What is a virtual machine?

To explain what a virtual machine is, we must first explain the execution process of computers under the mainstream von Neumann architecture. Various programs running on computers are usually written in high-level languages and undergo multiple transformations to generate machine-readable machine code for execution. Depending on the method of transformation into machine code, high-level languages can be roughly divided into compiled languages and interpreted languages.

A compiled language refers to the process of converting high-level language code into machine code through a compiler after the code is written, generating executable files. It can be executed multiple times with high efficiency after compilation. The advantages of compiled languages are fast execution speed because the code is converted into machine code during compilation, and the ability to run programs without a compiler, making it easy for users to use without installing additional software. Common compiled languages include C, C++, Go, etc.

In contrast to compiled languages, interpreted languages refer to code that is executed line by line through an interpreter, running directly on the computer, and requiring re-translation each time it is run. The advantages of interpreted languages are high development efficiency, easy code debugging, but relatively slower execution speed. Common interpreted languages include Python, JavaScript, Ruby, etc.

It is important to note that languages do not fundamentally distinguish between compiled and interpreted languages, but there may be some tendencies in the initial design. C/C++ is mostly executed by compilation, but can also be executed by interpretation (Cint, Cling). Many traditionally interpreted languages are now compiled into intermediate code for execution on a virtual machine (Python, Lua).
Knowing the execution process of physical machines, let's now talk about virtual machines.

A virtual machine typically provides a virtual computing environment by simulating different hardware devices.

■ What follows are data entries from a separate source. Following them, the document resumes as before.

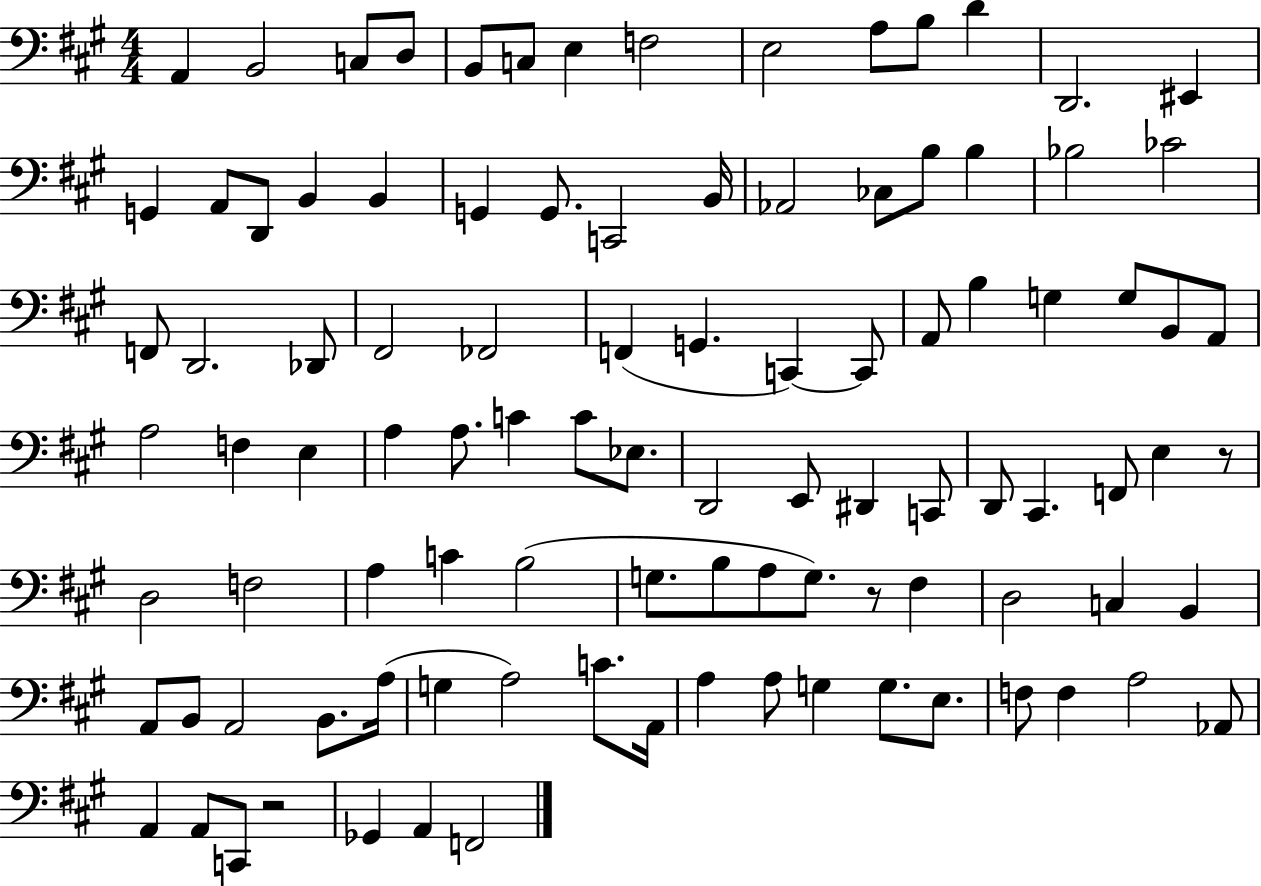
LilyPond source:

{
  \clef bass
  \numericTimeSignature
  \time 4/4
  \key a \major
  \repeat volta 2 { a,4 b,2 c8 d8 | b,8 c8 e4 f2 | e2 a8 b8 d'4 | d,2. eis,4 | \break g,4 a,8 d,8 b,4 b,4 | g,4 g,8. c,2 b,16 | aes,2 ces8 b8 b4 | bes2 ces'2 | \break f,8 d,2. des,8 | fis,2 fes,2 | f,4( g,4. c,4~~) c,8 | a,8 b4 g4 g8 b,8 a,8 | \break a2 f4 e4 | a4 a8. c'4 c'8 ees8. | d,2 e,8 dis,4 c,8 | d,8 cis,4. f,8 e4 r8 | \break d2 f2 | a4 c'4 b2( | g8. b8 a8 g8.) r8 fis4 | d2 c4 b,4 | \break a,8 b,8 a,2 b,8. a16( | g4 a2) c'8. a,16 | a4 a8 g4 g8. e8. | f8 f4 a2 aes,8 | \break a,4 a,8 c,8 r2 | ges,4 a,4 f,2 | } \bar "|."
}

Different virtual machines can simulate different hardware devices, but usually include CPU, memory, hard disk, network interfaces, etc.

Taking the Ethereum Virtual Machine (EVM) as an example, the EVM is a stack-based virtual machine used for executing Ethereum smart contracts. The EVM provides a virtual computing environment by simulating CPU, memory, storage, and stack, among other hardware devices.

Specifically, the EVM is a stack-based virtual machine that uses a stack to store data and execute instructions. The EVM's instruction set includes various opcodes, such as arithmetic operations, logical operations, storage operations, jump operations, etc. These instructions can be executed on the EVM's stack to complete the execution of smart contracts.

The memory and storage simulated by the EVM are devices used to store the state and data of smart contracts. The EVM treats memory and storage as two different areas and can access the state and data of smart contracts by reading from and writing to memory and storage.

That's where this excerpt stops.